Despite improvements, language gaps at QGH continue: Nunavut minister
“It’s a continual challenge to make sure the staff we have are familiar with terminology”
Nunavut’s health minister, George Hickes, says his department is making progress in responding to complaints of poor language services at the Qikiqtani General Hospital, brought to light last year in a critical report by the Office of the Nunavut Languages Commissioner.
But there is still much to do, Hickes said.
“Are we satisfied where we are now? No,” Hickes said in response to questions Feb. 24 from Iqaluit-Niaqunnguu MLA Pat Angnakak in Nunavut’s legislature.
“There are gaps, I recognize that and its something I deal with on a continual basis.”
Nunavut’s Office of the Language Commissioner, in a report tabled in May 2016, discovered that Nunavut’s largest hospital effectively had no language policy, as revealed in an investigation covering the period from March 2012 to March 2013.
Most hospital services were only available in English, the report found, resulting in severe problems for non-English, unilingual Inuktitut speakers in communicating and receiving treatment at the hospital.

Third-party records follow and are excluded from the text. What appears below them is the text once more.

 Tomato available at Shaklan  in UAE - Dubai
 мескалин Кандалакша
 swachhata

“There is often a lack of Inuktitut interpretation at the hospital, especially for in-patients who have to stay there for an extended period of time,” Angnakak said, asking if Hickes could provide the chamber with exact numbers for translators working at the hospital.
Hickes replied that the number in interpreters available at QGH fluctuates, saying that often “we have to rely on casual workers.”

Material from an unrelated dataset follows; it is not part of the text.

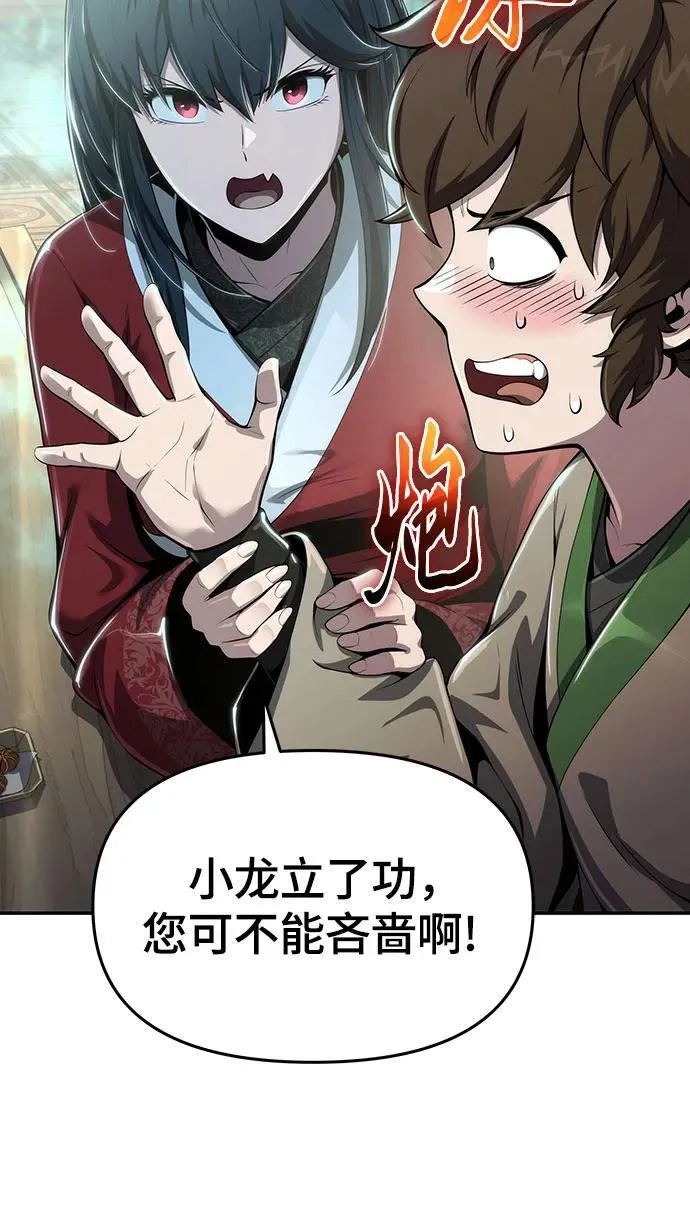 第14话 灵药 第51页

Specialized terminology for interpreters is currently taught in dedicated modules at the Nunavut Arctic College interpreter-translator program, which currently provides specialized terminology modules for its students, and Hickes, who called on more Nunavummiut to consider careers in the field.
“It’s a continual challenge to make sure the staff we have are familiar with terminology so that they can express in a clear and concise manner to our patients to make sure that they are aware and understand the circumstances,” he said.

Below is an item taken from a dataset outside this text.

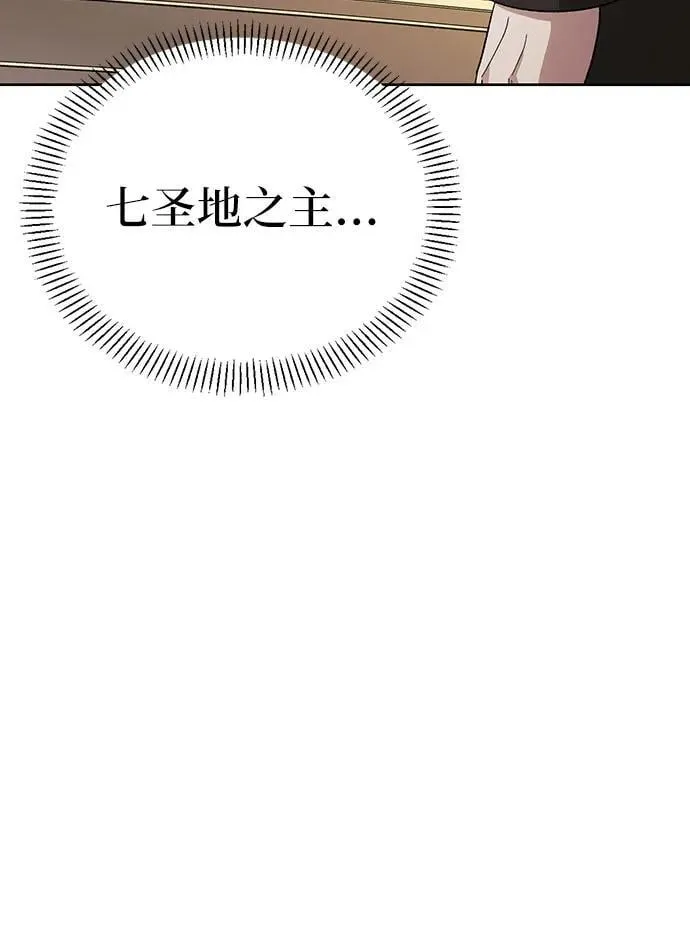 [外传 12] 巡礼路1 第21页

Providing French-language services, Hickes admitted, is another matter entirely.
“One of the challenges that we have, providing French services, it can be a more infrequent request than Inuktitut services,” he said.
“We do rely on existing staff to provide and supplement the translation services for French,” Hickes said, adding the health department is in the process of hiring a French speaker for its Office of Patient Relations.
Nunavut MLAs created the office in 2013 in an effort to address longstanding, often-ignored grievances from patients and families of patients.
Hickes credited the office for reducing the number of complaints and identifying key areas of concern for his department.
“I can say with all confidence that the conditions are more open and more conducive to positive relationships with our patients,” he said.
“Personally I don’t get as many complaints as I’m sure former ministers may have had.”
While complaints might indeed be ebbing, health care in Nunavut and its sensitivity to non-English culture was highlighted again recently after a coroner’s report—released in February—concluded that language barriers were a contributing factor in the death of Annie Kootoo in 2015.
Hickes described Kootoo’s death as “heartbreaking,” Feb. 22 in response to questions in committee of the whole from Iqaluit-Sinaa MLA Paul Okalik.
“Just for the sake of the public and for all members here, we don’t wait to react to reports such as this,” Hickes said, referring to the coroner’s report.
He said his department’s review of Nunavut Coroner Padma Suramala’s report on Kootoo’s death is already underway.